Fine. If Mexico wants to dictate our immigration policy to us, let’s follow their example to the letter. That example is particularly relevant on this further day of protests demanding amnesty for illegals. Among the demonstrators in at least 60 cities nationwide will undoubtedly be thousands of border lawbreakers. What would Mexico do? The answer is easy: deport them on the spot. In 2002, a dozen American college students, in Mexico legally, participated peacefully in an environmental protest against a planned airport outside of Mexico City. They swiftly found themselves deported as law-breakers for interfering in Mexico’s internal affairs.

[...] Then there’s the question of whom we should favor in our immigration policy. Accept only the economic cream of other countries. Mexico’s immigration law grants preferences to scientists and other professionals likely to contribute to “national progress.” Peasants with third-grade educations aren’t high on their wish list; in fact they do everything they can to keep them out. Local observers have often alleged Mexico’s brutal treatment of impoverished Central Americans crossing its borders. Yet according to Mexican officials, millions of uneducated, unskilled campesinos are just what the American economy needs.

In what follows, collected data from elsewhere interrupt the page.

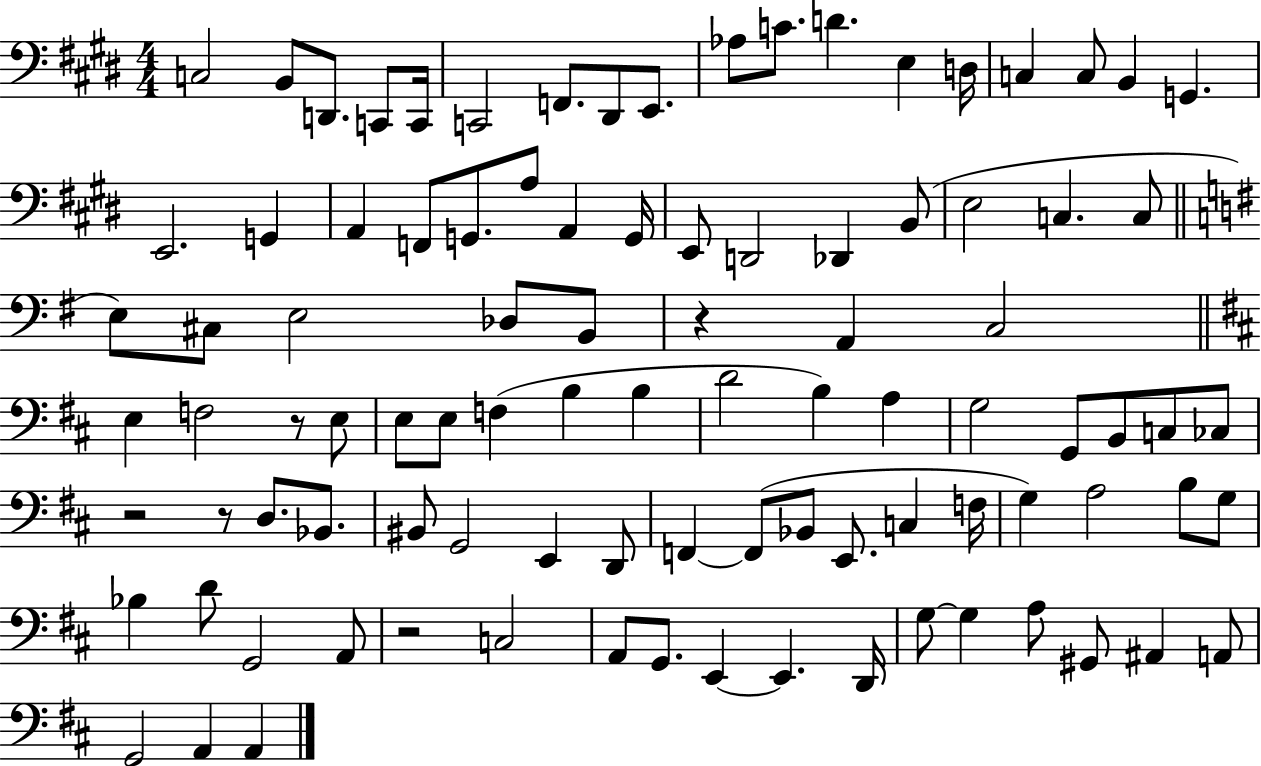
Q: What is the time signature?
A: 4/4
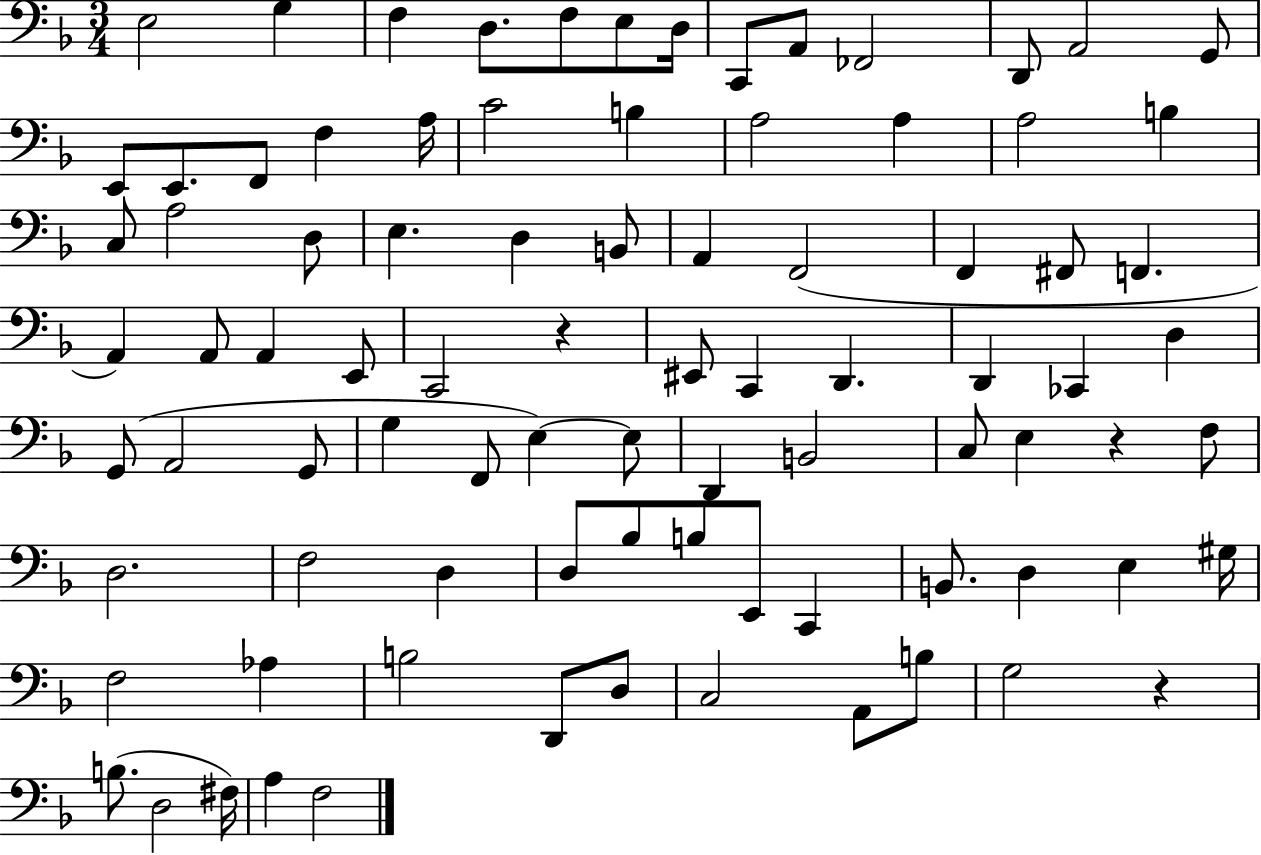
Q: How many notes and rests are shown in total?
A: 87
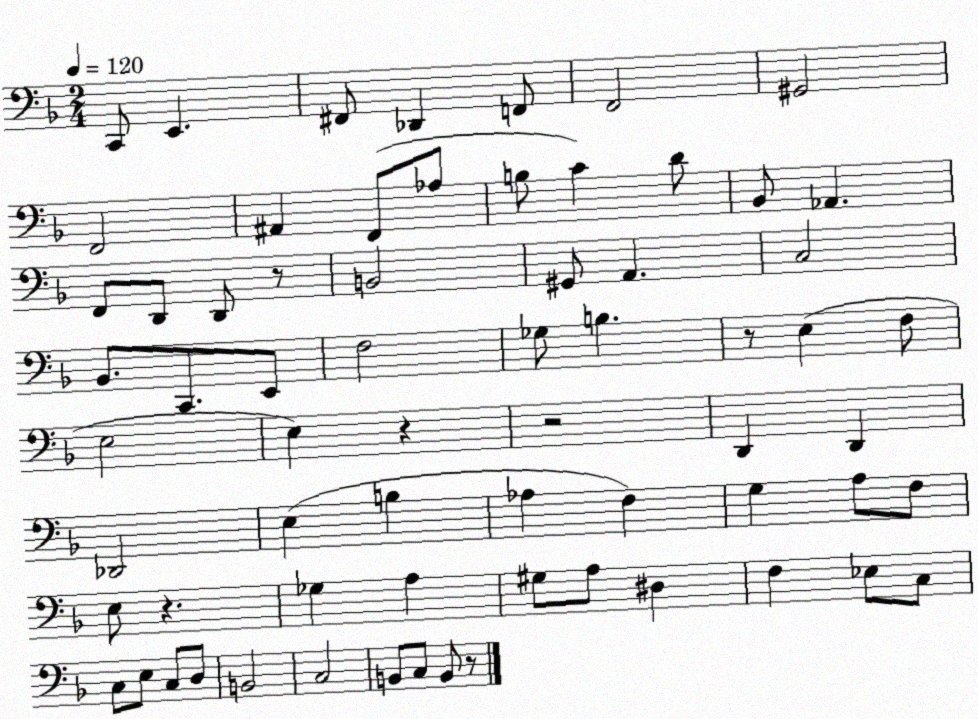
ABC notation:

X:1
T:Untitled
M:2/4
L:1/4
K:F
C,,/2 E,, ^F,,/2 _D,, F,,/2 F,,2 ^G,,2 F,,2 ^A,, F,,/2 _A,/2 B,/2 C D/2 _B,,/2 _A,, F,,/2 D,,/2 D,,/2 z/2 B,,2 ^G,,/2 A,, C,2 _B,,/2 C,,/2 E,,/2 F,2 _G,/2 B, z/2 E, F,/2 E,2 E, z z2 D,, D,, _D,,2 E, B, _A, F, G, A,/2 F,/2 E,/2 z _G, A, ^G,/2 A,/2 ^D, F, _E,/2 C,/2 C,/2 E,/2 C,/2 D,/2 B,,2 C,2 B,,/2 C,/2 B,,/2 z/2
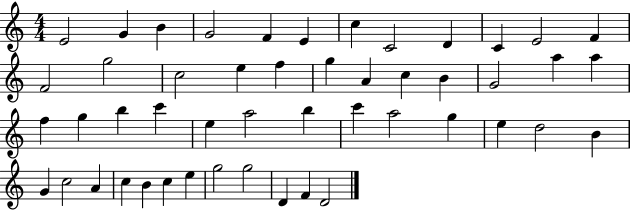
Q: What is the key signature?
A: C major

You have to admire the Mexican elites. They have a clear-sighted understanding of their country’s national interest—which lies above all in getting as many Mexican citizens as possible into the U.S. for their billions of dollars in remittances—and they’re unapologetic about pursuing it. Mass demonstrations that include illegal residents demanding that Mexico override its laws to accommodate them wouldn’t cow those elites for an instant. Too bad American officials can’t summon the same commitment to the wishes of the American people, who overwhelmingly oppose the rewarding of law breaking. The U.S. government isn’t about to deport the thousands of illegals who will be exploiting the American right to protest today, but it should at least not be swayed by their mass show of force.